WORK REQUEST: Write out the lines below exactly, beginning at the one with "Alua Calas de Mallorca Resort - Oda" and stopping after the one with "Akash Homestay هامبي المظهر الخارجي الصورة"; the pictures are not copied.

DATA EXCERPTS:
-------

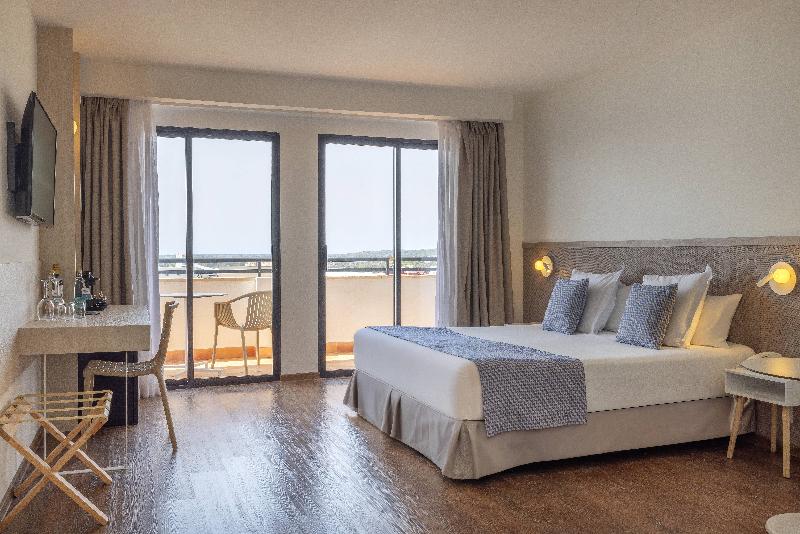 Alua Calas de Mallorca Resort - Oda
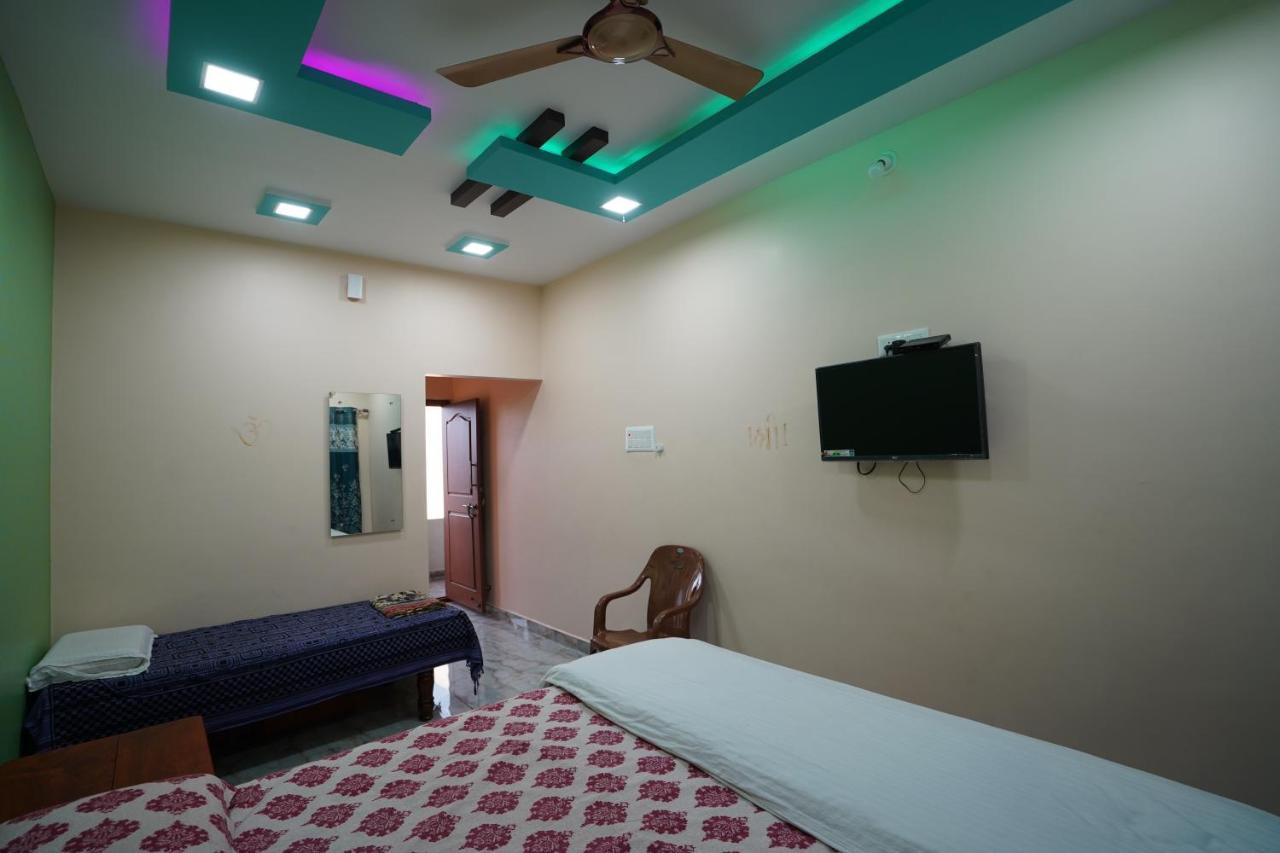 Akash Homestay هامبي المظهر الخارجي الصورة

-------

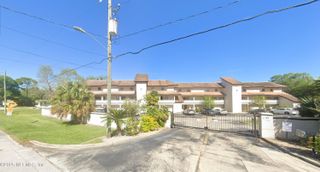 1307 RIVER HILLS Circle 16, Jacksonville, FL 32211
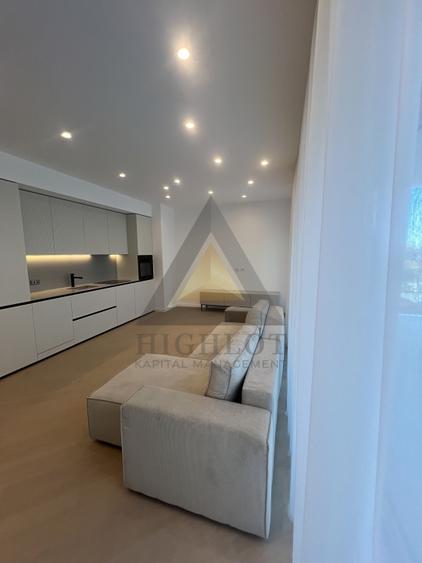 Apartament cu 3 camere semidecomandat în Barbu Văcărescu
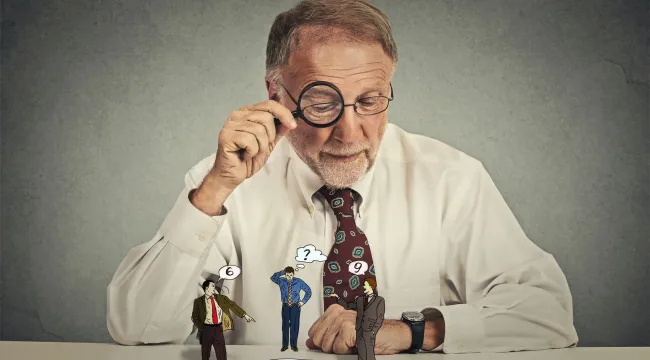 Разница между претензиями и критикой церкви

-------

REPLY TO THE EXERCISE:
 Alua Calas de Mallorca Resort - Oda
 Akash Homestay هامبي المظهر الخارجي الصورة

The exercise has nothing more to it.